Akgören, “Eskişehir kentinin Eskişehirspor'u bu kadar yalnız bırakması normal değil. Ben hala Eskişehir’de herkesin Eskişehirspor ile dertendiğini düşünüyorum. İnsanlarda bir bıkkınlık, küskünlük, dargınlık var. Herkes birileri çıksın da Eskişehirspor’u kurtarsına bakıyor. Geçmişte çok fazla hata yapılmış. Bu takıma zamanında çok destek verilmiş. Hep birşey yapılmaya çalışılmış ancak bunlar da bıkkınlığa neden olmuş. İnsanlar artık Boffin, Pinto, Toko lafı duymak istemiyor. Yıllardır ceza geliyor mu, gelecek mi, geldi mi? İnsanlar saha içerisini konuşmak istiyor ama saha dışı etkenler sürekli ön plana çıkıyor. Eskişehirspor’un yükü o kadar ağır ki anlatmakla bitmez. Göreve geldikten sonra çok fazla konuşmadık. Bir takım şeyleri söylemiyoruz. Ağlamayan bebeğe emzik verilmez denmez ama biz de ağlayan pozisyona geçmek istemiyoruz. Biz dik durmaya çalışan bir yönetimiz. Eskişehirspor kulübü çok değerli bir marka. Biz Eskişehirspor isminin ağırlığına yakışır hareket etmeye çalışıyoruz. Basından kaçtığımız yok. Kimseden sakladığımız birşey yok. Sportif başarının istendiğinin farkındayız. Gelecek. Ben inanıyorum gelecek. Ama bunun için biraz zaman gerekiyor.

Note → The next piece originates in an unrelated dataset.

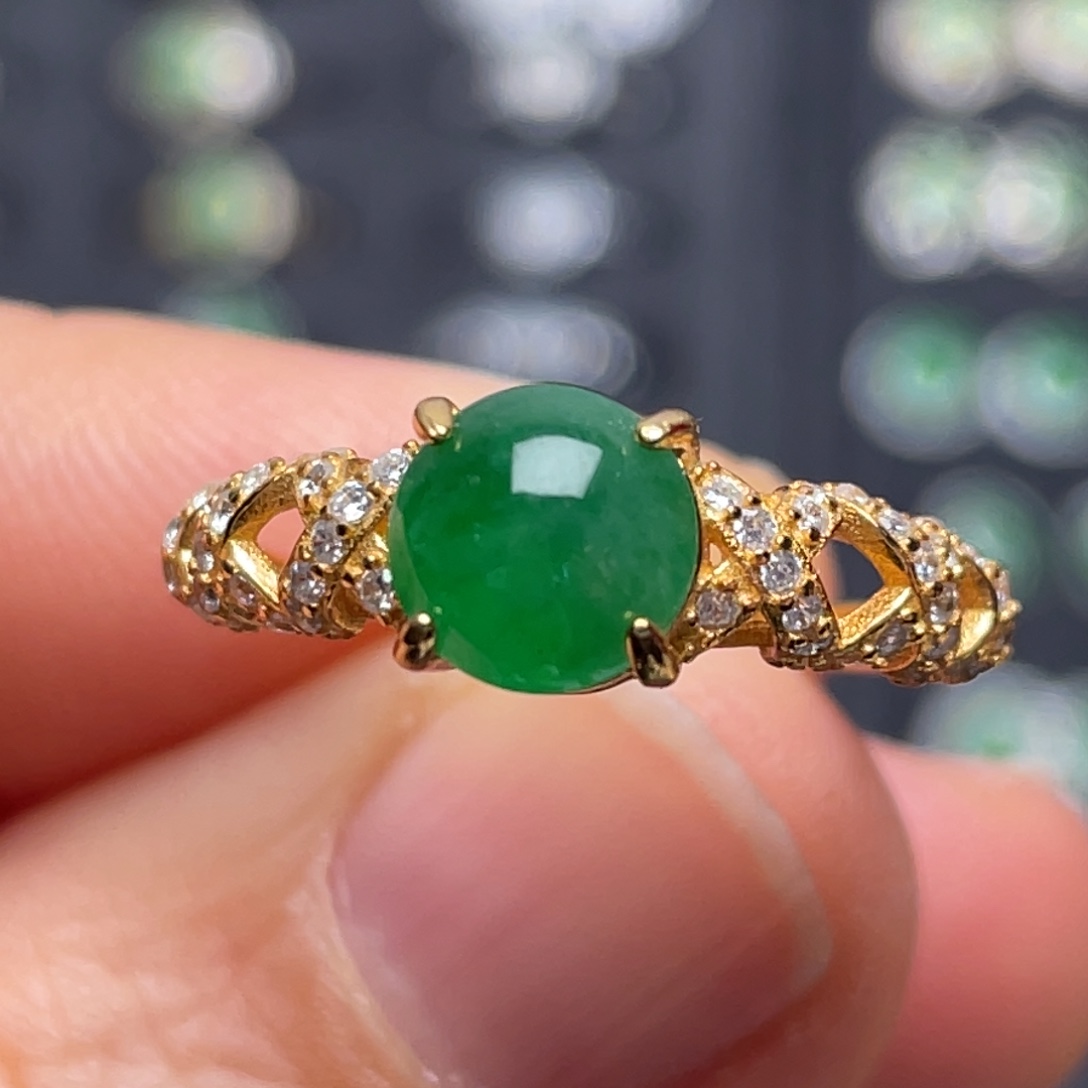 翡翠银S925镶嵌戒指纯天然缅甸翡翠A货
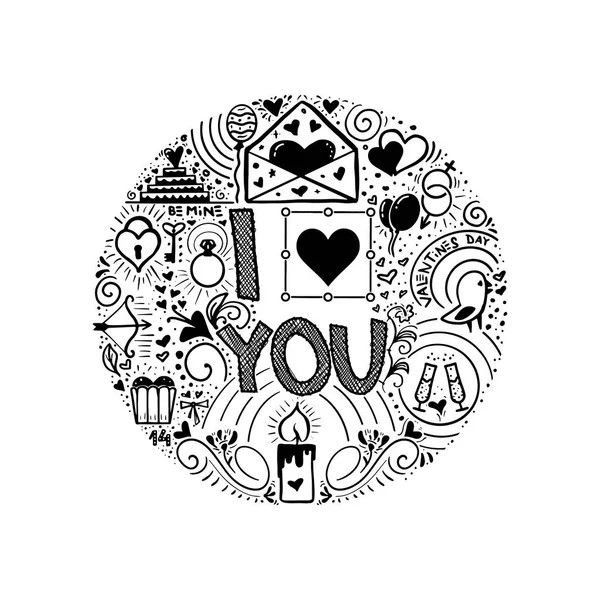 Je t'aime. Doodle slogan pour un intérieur de t-shirt ou d'affiche, monochrome . — Image vectorielle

Osmanlıspor maçı ile güzel bir başlangıç yapmak istiyoruz. İlk iki maçımızdan alabileceğimiz en iyi sonuçları almak istiyoruz. Osmanlıspor maçı tam bize göre bir maç. Oyuncularımıza ve hocalarımıza güveniyoruz. Biz elimizden geleni yaptık. İnşallah çok daha iyi günleri yaşayacağız. Şehrin önde gelenlerinin, seçilmişlerinin kısacası herkesin bu kulübe bir omuz atması gerekiyor. Eskişehirspor’da 1 lirası dahi fuzuli kullanılmıyor. Yapılacak her yardım doğru şekilde kullanılacak.” dedi.
Olay yalancı çoban öyküsüne dönmüş. İnsanların güvenini kazanmak için çok çaba gerekiyor. Bir de eski yönetimden kimseyi yaklaştırmamak gerekiyor.